This decision was made by Playtech’s Board of Directors. Initially instituted based on positive business performance in 2019, uncertain times have already impacted Q1, 2020. The plan is to proactively manage cash flow and working capital. Plans are also in the works to implement other cost-saving measures. All the intended actions are designed to not impact long-term initiatives fueling business success.
The savings from suspending share buybacks and dividend payments are estimated to be $70.2 million. This could increase depending on how long this decision remains in place.
So far, the company’s online casino business has experienced increases in online bingo and poker. The longer term concern is the lack of discretionary funds for online gambling activities.
live dealer table game play could be impacted if more live studios are forced to close. One operation in the Philippines has already been suspended. Other locations in Latvia have been able to fill the void for now. The company has yet to rule out other possible closures. However, there are contingency plans in place to limit any disruptions in service.
Playtech is also big in online sports betting which has taken a tremendous hit. The company operates self-service betting terminals in several regulated markets. Sports betting was forecasted to provide 10 percent of the company’s EBITDA in 2020. Each month’s loss is expected to be $4.3 million the situation remains unchanged.
The company also operates numerous subsidiaries around the world related to sports betting. The overall impact has yet to be calculated.
Many companies with strong ties to the sports betting industry have already experienced negative impacts in the share price. Companies such as William Hill and Flutter Entertainment have issued profit warnings to investors.

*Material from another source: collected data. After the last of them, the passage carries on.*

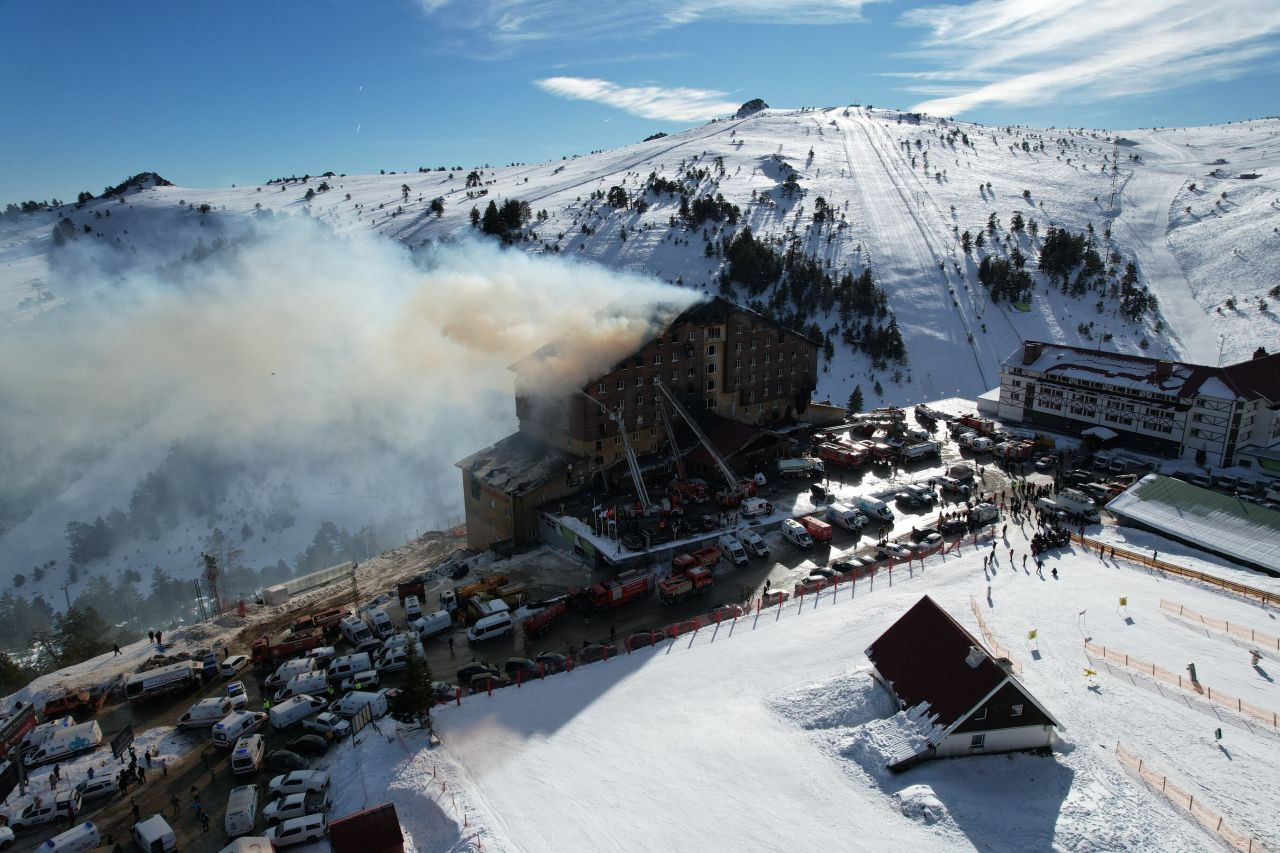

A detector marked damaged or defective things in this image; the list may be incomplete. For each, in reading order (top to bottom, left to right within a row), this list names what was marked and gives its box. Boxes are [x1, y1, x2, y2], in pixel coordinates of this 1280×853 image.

burnt roof [870, 594, 1008, 727]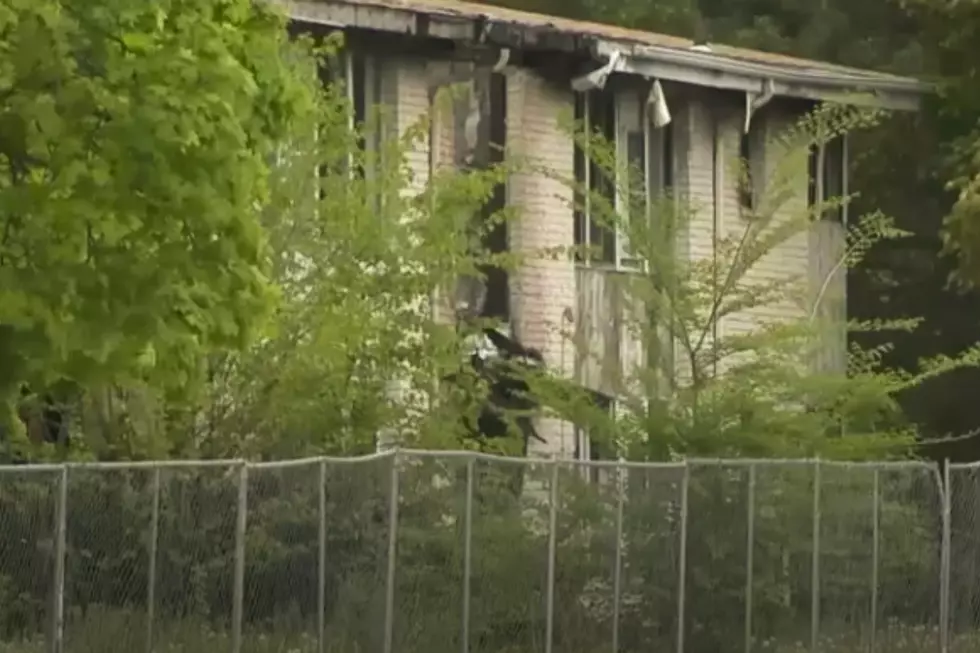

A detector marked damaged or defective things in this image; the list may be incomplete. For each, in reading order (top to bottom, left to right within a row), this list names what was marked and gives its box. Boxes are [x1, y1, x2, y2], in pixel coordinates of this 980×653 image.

damaged gutter [596, 40, 928, 111]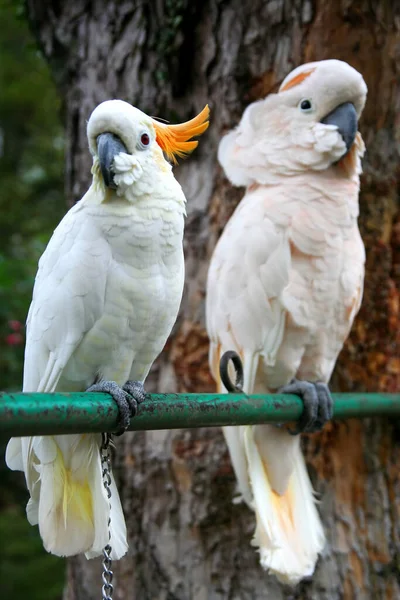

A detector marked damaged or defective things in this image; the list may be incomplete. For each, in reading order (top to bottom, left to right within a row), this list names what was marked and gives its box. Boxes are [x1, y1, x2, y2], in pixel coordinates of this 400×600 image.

rusty metal bar [0, 390, 400, 436]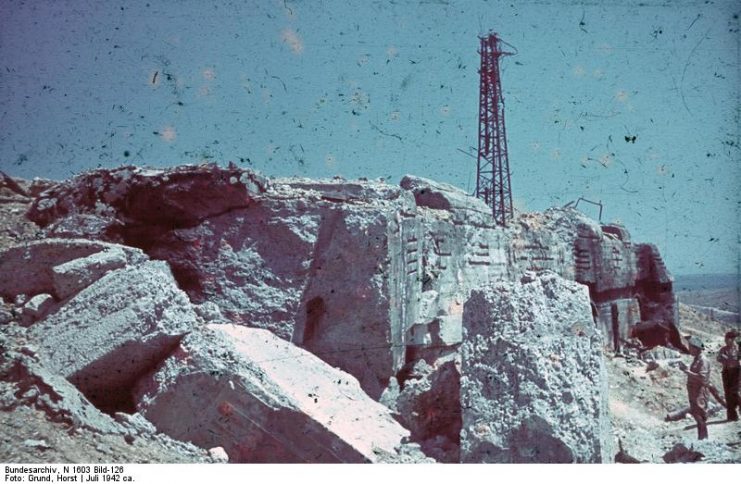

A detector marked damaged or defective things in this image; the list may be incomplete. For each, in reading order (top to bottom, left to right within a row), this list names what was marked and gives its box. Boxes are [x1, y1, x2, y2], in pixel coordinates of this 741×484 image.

broken concrete block [20, 294, 55, 328]
broken concrete block [0, 239, 147, 302]
broken concrete block [52, 248, 128, 300]
broken concrete block [27, 260, 198, 412]
broken concrete block [134, 324, 410, 464]
broken concrete block [460, 270, 608, 464]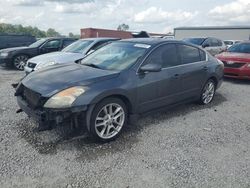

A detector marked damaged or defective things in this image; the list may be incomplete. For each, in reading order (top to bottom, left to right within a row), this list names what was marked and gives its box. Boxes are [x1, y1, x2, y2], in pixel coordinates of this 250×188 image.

crumpled hood [21, 63, 119, 97]
damaged front end [14, 83, 87, 131]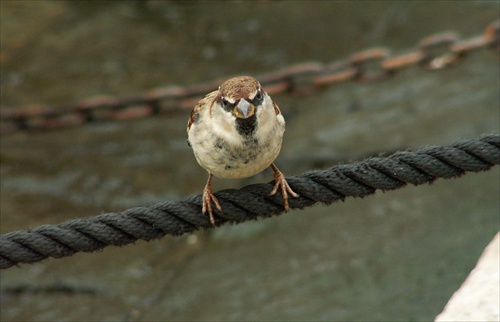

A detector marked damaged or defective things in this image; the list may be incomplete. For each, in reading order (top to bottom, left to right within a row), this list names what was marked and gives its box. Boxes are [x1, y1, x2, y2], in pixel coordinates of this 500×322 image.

rusty chain [1, 20, 498, 135]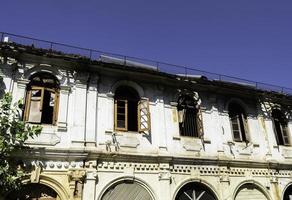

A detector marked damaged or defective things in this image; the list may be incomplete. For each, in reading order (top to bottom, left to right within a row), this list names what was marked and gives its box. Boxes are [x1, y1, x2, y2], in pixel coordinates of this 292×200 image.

Playtech’s overall goal is to adapt its financial stance in light of uncertain business conditions. This has turned into a very fluid situation that cannot be defined by a specific time table. Given the truly global positioning of all its business interests, impacts can be greater in certain high risk regulated markets.
Cost-cutting measures can provide temporary relief. Yet, Playtech is trying to avoid any detrimental measures that will negatively impact the long-term marketing plans. That can be hard to do given the overall volatility of the current situation. The company’s overall size and current economies of scale remain in its favor. The duration of these market disruptions will ultimately define its overall performance in 2020.